Hinter ihr seufzte es. Einer ihres Alters, einer in schwarzer Seide, richtete Schwärmeraugen auf sie.
»Fräulein Adelaïde!«
»Exzellenz, Eure Dienerin.«
»Ihr dient niemandem«, sagte seine bedeckte Stimme, »auch nicht der Kunst. Die Kunst dient Euch. Sie kniet vor Euch: sie, unser aller Mutter. Und auch ich, dem die Kunst doch alles war, will nur noch vor Euch knien.«
»Das ist bequem.«
Und sie ging an ihren Platz. Er folgte sanft.
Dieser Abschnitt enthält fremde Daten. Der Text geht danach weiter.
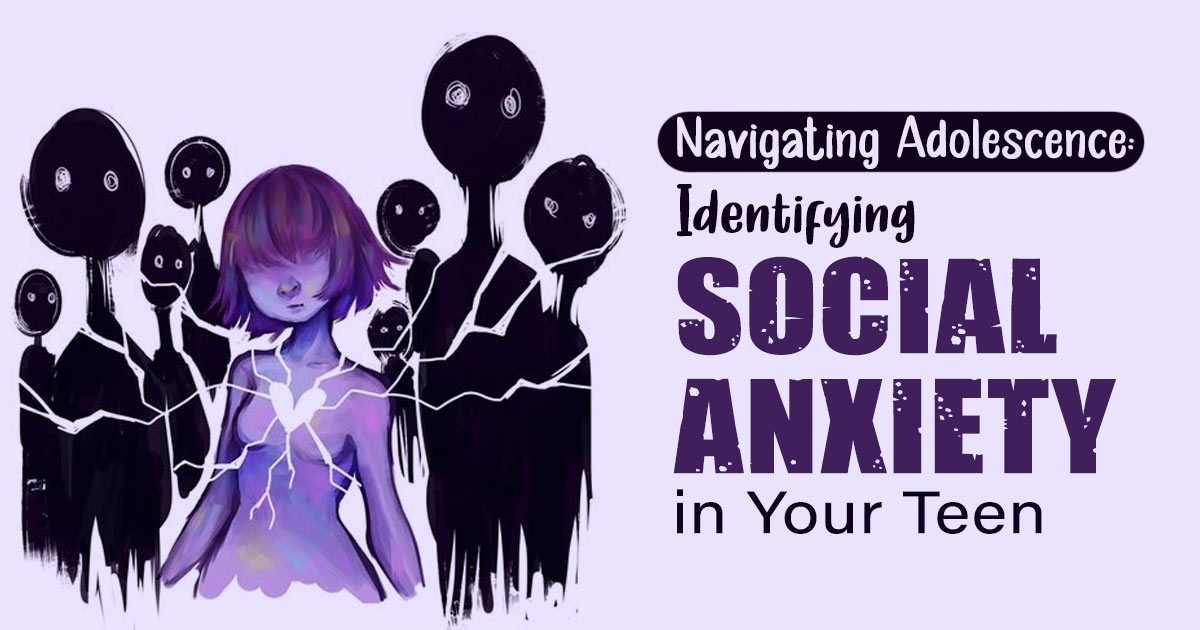 social anxiety in teens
»Mein Haus, Adelaïde, erwartet Euch. Die Fenster blicken nach Euch aus, die alten Bilder sind erwacht und sind neugierig auf Euch. Meine Diener gehören Euch und wissen es. Die ersten Lehrer Italiens stehen bereit, Euch zu vollenden. Wann kommt Ihr? Die Hecken im Garten sind höher gewachsen, um vor den Weihelosen Euer Bild zu hüten. Die Mauern umtürmen eifersüchtig Eure einzigen Töne.«
Sie tat kleine harte Fächerschläge. Mit kalter Unterwürfigkeit:
»Ich stehe zu Diensten, Exzellenz. Meine Tante und ich, wir nehmen Eure Einladung an.«
Sie kamen; – und wie die Branzilla zwischen ihren neuen Atlaswänden aus zerrissenen Schachteln ihre Kleiderfetzen nahm, war Dario Rupa es, der sie ihr vom Arm hob.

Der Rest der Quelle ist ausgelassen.